* GOAL OF THE EXERCISE: Beginning at the line containing "this 640×480 image.", output every line to the end of the data below exactly as it appears.

[[ DATA SUPPLIED, beginning ]]

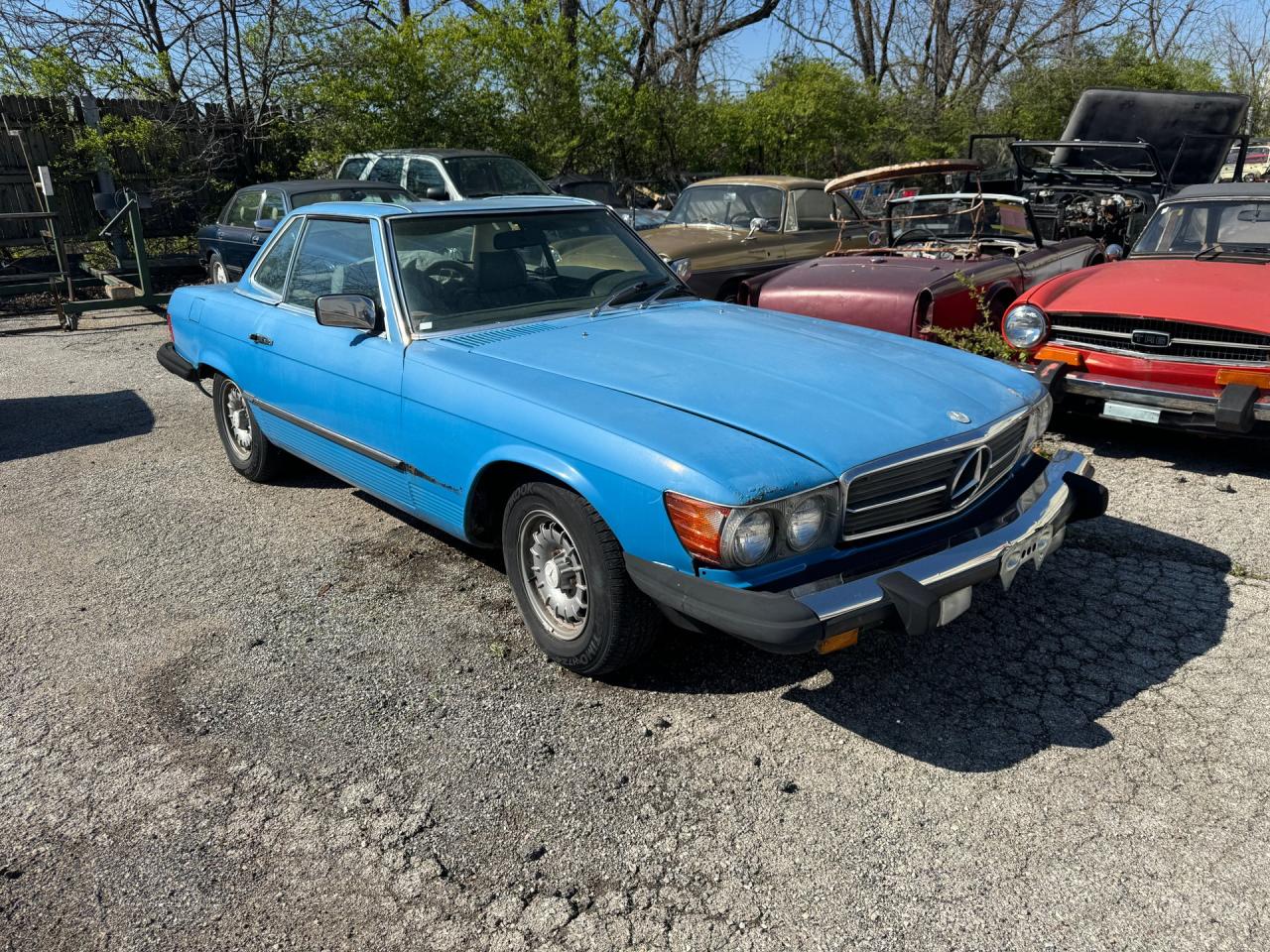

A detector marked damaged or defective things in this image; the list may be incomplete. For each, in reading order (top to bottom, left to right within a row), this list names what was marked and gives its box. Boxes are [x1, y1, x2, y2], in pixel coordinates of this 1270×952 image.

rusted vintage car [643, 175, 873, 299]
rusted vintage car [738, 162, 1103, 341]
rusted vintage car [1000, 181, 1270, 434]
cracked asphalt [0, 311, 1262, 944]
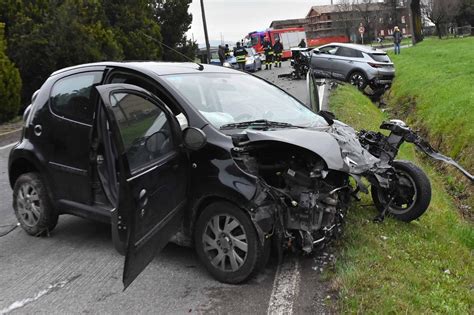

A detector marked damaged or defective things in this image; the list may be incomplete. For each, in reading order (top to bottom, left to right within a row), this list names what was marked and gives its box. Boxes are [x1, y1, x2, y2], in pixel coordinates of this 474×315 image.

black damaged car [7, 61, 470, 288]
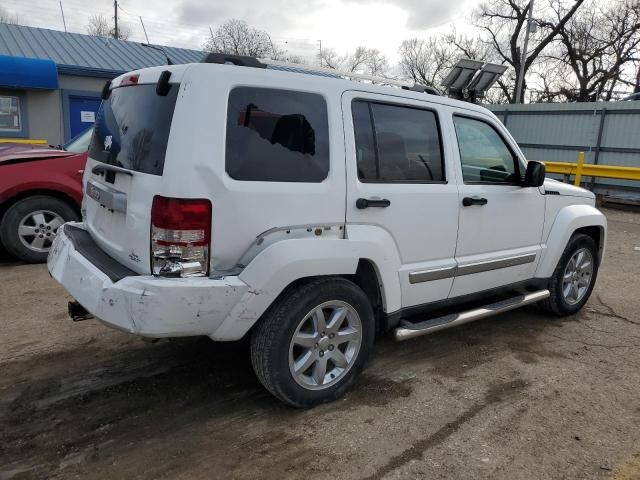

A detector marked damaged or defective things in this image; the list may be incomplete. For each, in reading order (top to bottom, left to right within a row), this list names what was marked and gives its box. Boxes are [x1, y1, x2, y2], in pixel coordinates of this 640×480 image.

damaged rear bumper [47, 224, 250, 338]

[[ DATA SUPPLIED, end ]]

* ANSWER AREA:
A detector marked damaged or defective things in this image; the list may be incomplete. For each, in reading order (top to bottom, left to right within a row), this list names what was marked and gives its box. Boxes are [x1, y1, x2, y2], in pixel coordinates of this 640×480 image.

damaged rear bumper [47, 224, 250, 338]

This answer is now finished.